Structs in Rust

Structs

Structs in Rust are typed collections of fields. They’re useful for grouping data together to form records.

This Person struct type has name and age fields.

struct Person {
    name: String,
    age: u32,
}

new_person constructs a new Person struct with the given name.

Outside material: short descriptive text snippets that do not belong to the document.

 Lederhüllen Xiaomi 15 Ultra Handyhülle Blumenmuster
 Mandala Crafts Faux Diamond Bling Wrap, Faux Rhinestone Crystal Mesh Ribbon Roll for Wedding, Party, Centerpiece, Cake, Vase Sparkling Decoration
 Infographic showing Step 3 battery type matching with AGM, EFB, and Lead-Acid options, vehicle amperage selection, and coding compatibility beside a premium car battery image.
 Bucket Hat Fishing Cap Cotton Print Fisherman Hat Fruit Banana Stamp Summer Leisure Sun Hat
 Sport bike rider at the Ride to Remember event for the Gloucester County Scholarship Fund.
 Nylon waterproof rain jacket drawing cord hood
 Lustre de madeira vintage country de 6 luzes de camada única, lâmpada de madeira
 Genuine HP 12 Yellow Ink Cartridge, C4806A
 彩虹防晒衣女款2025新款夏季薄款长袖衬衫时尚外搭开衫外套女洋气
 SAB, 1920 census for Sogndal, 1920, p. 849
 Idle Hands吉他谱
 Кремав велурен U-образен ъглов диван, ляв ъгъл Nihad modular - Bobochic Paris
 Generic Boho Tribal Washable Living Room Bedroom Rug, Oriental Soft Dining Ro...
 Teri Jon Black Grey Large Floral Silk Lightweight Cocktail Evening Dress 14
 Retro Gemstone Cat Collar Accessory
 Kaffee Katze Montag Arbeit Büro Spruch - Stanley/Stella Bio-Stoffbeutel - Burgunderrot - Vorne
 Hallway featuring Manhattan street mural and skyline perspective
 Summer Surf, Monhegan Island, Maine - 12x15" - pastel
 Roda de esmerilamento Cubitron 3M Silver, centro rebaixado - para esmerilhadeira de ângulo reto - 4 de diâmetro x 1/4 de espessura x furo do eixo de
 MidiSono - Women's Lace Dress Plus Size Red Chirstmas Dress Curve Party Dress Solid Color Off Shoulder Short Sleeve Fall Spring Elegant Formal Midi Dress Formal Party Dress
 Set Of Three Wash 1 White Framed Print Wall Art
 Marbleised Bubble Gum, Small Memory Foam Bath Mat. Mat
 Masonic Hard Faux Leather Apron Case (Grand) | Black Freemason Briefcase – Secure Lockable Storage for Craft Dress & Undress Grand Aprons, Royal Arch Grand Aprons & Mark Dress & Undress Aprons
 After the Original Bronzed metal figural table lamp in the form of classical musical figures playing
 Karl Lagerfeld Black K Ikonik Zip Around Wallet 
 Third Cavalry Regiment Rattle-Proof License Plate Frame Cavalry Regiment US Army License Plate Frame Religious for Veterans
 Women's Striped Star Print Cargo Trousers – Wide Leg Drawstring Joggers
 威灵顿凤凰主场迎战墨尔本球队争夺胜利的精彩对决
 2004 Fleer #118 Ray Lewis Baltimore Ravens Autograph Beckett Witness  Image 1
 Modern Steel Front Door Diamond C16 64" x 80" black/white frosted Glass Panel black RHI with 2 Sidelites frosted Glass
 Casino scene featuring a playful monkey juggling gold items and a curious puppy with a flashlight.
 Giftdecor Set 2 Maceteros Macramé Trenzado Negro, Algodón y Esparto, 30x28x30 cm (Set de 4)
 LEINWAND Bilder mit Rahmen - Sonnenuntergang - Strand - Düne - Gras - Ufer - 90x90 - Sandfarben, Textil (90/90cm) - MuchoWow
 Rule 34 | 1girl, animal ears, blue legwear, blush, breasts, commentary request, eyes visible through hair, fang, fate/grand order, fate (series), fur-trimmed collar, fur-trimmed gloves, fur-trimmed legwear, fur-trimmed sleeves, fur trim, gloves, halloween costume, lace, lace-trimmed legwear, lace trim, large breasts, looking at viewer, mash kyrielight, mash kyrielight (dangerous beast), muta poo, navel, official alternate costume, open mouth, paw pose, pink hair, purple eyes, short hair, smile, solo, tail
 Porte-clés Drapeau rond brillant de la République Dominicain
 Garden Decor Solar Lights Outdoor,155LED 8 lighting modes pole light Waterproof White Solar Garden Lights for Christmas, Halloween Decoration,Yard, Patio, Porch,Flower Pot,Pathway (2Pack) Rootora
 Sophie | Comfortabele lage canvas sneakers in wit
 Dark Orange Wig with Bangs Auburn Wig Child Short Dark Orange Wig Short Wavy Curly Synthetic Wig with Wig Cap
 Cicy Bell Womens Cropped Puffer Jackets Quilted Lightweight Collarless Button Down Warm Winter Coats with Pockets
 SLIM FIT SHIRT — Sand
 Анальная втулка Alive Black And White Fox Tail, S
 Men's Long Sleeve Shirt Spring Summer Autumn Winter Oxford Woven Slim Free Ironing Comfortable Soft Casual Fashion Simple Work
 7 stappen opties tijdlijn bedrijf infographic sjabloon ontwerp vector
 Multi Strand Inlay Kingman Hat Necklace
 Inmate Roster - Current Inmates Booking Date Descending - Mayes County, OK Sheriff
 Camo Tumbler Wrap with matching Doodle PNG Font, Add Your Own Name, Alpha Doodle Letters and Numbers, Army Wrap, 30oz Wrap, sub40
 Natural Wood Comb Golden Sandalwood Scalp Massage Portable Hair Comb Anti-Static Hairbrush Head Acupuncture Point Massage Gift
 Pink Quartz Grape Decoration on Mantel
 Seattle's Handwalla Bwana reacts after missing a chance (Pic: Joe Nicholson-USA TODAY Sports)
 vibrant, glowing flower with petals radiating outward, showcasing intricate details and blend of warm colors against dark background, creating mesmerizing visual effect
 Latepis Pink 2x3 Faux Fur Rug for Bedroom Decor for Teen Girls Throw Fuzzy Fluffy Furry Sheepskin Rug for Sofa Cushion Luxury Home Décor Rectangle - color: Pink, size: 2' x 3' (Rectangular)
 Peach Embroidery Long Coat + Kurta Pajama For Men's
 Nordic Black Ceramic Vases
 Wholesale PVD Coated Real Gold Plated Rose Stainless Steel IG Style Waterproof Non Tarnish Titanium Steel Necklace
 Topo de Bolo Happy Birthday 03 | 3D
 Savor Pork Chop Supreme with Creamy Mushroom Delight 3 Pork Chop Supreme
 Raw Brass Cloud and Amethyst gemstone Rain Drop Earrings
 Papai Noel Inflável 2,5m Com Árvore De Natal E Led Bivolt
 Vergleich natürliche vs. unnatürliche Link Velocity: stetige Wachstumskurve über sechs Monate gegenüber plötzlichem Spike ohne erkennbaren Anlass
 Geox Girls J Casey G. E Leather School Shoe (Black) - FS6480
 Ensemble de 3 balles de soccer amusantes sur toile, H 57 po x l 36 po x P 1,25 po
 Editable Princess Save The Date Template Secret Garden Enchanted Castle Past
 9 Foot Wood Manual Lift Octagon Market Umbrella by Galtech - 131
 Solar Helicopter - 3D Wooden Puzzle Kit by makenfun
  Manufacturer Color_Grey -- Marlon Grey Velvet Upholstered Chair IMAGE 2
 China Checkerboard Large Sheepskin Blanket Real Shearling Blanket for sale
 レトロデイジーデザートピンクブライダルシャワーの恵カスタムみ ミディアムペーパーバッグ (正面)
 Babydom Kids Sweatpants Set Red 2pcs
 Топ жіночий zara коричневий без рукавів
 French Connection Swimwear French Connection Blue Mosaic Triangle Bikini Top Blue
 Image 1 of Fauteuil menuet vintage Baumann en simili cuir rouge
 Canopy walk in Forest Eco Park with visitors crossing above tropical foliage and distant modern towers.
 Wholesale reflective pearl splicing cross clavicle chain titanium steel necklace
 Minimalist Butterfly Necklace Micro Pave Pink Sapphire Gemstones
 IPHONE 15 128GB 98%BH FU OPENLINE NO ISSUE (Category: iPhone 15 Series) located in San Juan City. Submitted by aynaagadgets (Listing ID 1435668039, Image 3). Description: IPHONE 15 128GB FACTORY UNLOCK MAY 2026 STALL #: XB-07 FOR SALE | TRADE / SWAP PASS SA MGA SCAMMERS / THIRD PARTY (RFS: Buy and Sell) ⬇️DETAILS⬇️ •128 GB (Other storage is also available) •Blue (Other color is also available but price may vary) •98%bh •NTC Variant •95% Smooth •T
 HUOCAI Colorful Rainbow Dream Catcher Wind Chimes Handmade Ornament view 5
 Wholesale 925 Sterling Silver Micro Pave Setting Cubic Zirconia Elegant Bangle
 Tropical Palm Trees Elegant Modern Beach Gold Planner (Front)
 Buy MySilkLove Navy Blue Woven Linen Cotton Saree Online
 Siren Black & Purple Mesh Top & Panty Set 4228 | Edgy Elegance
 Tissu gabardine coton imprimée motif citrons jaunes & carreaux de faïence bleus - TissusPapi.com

fn new_person(name: String) -> Person {
    let p = Person { name, age: 42 };
    p
}

This syntax creates a new struct.

fn main() {
    println!("{:?}", Person { name: "Bob".to_string(), age: 20 });
}

You can name the fields when initializing a struct.

fn main() {
    println!("{:?}", Person { name: "Alice".to_string(), age: 30 });
}

Omitted fields will be zero-valued.

fn main() {
    println!("{:?}", Person { name: "Fred".to_string(), age: 0 });
}

It’s idiomatic to encapsulate new struct creation in constructor functions.

fn main() {
    println!("{:?}", new_person("Jon".to_string()));
}

Access struct fields with a dot.

fn main() {
    let s = Person { name: "Sean".to_string(), age: 50 };
    println!("{}", s.name);
}

Structs are mutable.

fn main() {
    let mut sp = Person { name: "Sean".to_string(), age: 50 };
    sp.age = 51;
    println!("{}", sp.age);
}

If a struct type is only used for a single value, we don’t have to give it a name. The value can have an anonymous struct type. This technique is commonly used for testing.

fn main() {
    let dog = struct {
        name: String,
        is_good: bool,
    } {
        name: "Rex".to_string(),
        is_good: true,
    };
    println!("{:?}", dog);
}

Now that we can run and build basic Rust programs, let’s learn more about the language.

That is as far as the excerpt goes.